Many of these tools follow a similar pattern — a question comes in, an LLM matches it against prior answers, and surfaces something plausible-sounding. You review, edit, approve, and send it.
The problem is twofold - you’re still needing to spend a lot of time reviewing those dubious answers, and some of them just might be plain wrong. In our view, this is unacceptable.
What you’re buying with bolted-on AI
When tools sprinkle some AI into their workflows, it can initially feel like magic. Answers just appear! How good those answers are is now your job to determine by reading, editing, and rewriting lots of answers. Your security engineers may no longer be filling forms out from scratch, but instead are proofreading AI-generated forms and co-signing them with their reputation.
The deeper issue is that most of these systems can’t tell you why they gave a specific answer or which document it came from. It matched a pattern. It sounded right. Whether it reflects your current security posture, your actual policy language, or a control you deprecated 6 months ago — those are different questions entirely.
A wrong answer in an enterprise security questionnaire isn’t a chatbot hallucination you shrug off. It’s a misrepresented control in a due diligence process. That’s a delayed deal, a blown audit, or a question for the legal team.
How purpose-built AI works
A purpose-built system pulls from your actual, live security documentation, not a static compliance snapshot from whenever you last uploaded evidence. Every answer traces back to a specific policy, procedure, or control. If your incident response plan changed last month, that’s the source. Not a cached response from a questionnaire you sent in 2023.
The output is a complete, sourced, defensible response you review as an outcome. Human judgment goes into the genuinely hard calls: novel scenarios, sensitive disclosures, strategic decisions about what to reveal to a specific customer in a specific context. The other 80%, variations on questions you’ve answered a hundred times, ship accurately the first time.
Questions for your next vendor evaluation
Where does the AI get its answers, exactly?
Skip past “our proprietary AI model” and dig into the details. Is it drawing from your live policy documents? Prior questionnaire answers? Generic training data? The more current the source, the more defensible the output. If it’s not fresh, it’s not useful.
Can you show me the citation for that answer?
You’ll get asked, “Where does this come from?” during the deal. If the vendor can’t point to the specific document or control that generated a given response, you’re flying blind.
What happens with a question you’ve never seen before?

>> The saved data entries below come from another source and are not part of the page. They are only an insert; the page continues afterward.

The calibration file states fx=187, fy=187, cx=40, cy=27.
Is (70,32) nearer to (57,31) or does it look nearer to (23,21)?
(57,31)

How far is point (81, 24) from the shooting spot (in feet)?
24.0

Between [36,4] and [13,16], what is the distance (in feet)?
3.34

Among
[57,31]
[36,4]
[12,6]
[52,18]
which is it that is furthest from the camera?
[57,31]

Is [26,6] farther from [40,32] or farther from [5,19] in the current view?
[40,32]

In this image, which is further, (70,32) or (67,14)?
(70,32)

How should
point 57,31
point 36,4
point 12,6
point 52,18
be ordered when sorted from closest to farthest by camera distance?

Ask the vendor to demo an unusual question — something outside standard domains. Does the system search your live documentation and surface something grounded? Or does it produce something confident-sounding but totally made up? A lack of a clear answer to a truly novel question is a good thing. Accuracy over completeness.
What percentage of answers still need editing before you’d send them?

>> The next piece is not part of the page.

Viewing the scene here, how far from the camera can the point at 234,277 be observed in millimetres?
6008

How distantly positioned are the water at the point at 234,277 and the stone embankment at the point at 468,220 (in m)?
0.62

For standard questions, the answer should be able to be sent as-is. Human review belongs on the hard stuff: edge cases, sensitive disclosures, genuinely novel questions. If the honest answer is “most of them,” you’re buying expensive autocomplete.
What’s at stake
A 7-figure enterprise deal typically includes a security review. If your team is still copy-editing AI-generated answers, you’ve only shifted the bottleneck, not improved your efficiency. If a wrong answer makes it through, you’ve introduced risk directly into your sales motion.
The vendors shipping bolt-on AI aren’t wrong to want it in their products — the checkbox was always going to get checked. But there’s a real difference between a tool that was built AI-first from day one and a tool that got an AI feature stitched in hastily to join the hype.
Choose wisely. Choose confidence. Give Cyberbase a shot today.
Frequently Asked Questions
What is bolted-on AI in compliance tools?
Bolted-on AI refers to a generic LLM layer added to an existing GRC or compliance product. It typically pattern-matches incoming questions against prior answers or static evidence libraries without tracing responses to live, current security documentation. The result is plausible-sounding output that still requires heavy manual review and editing.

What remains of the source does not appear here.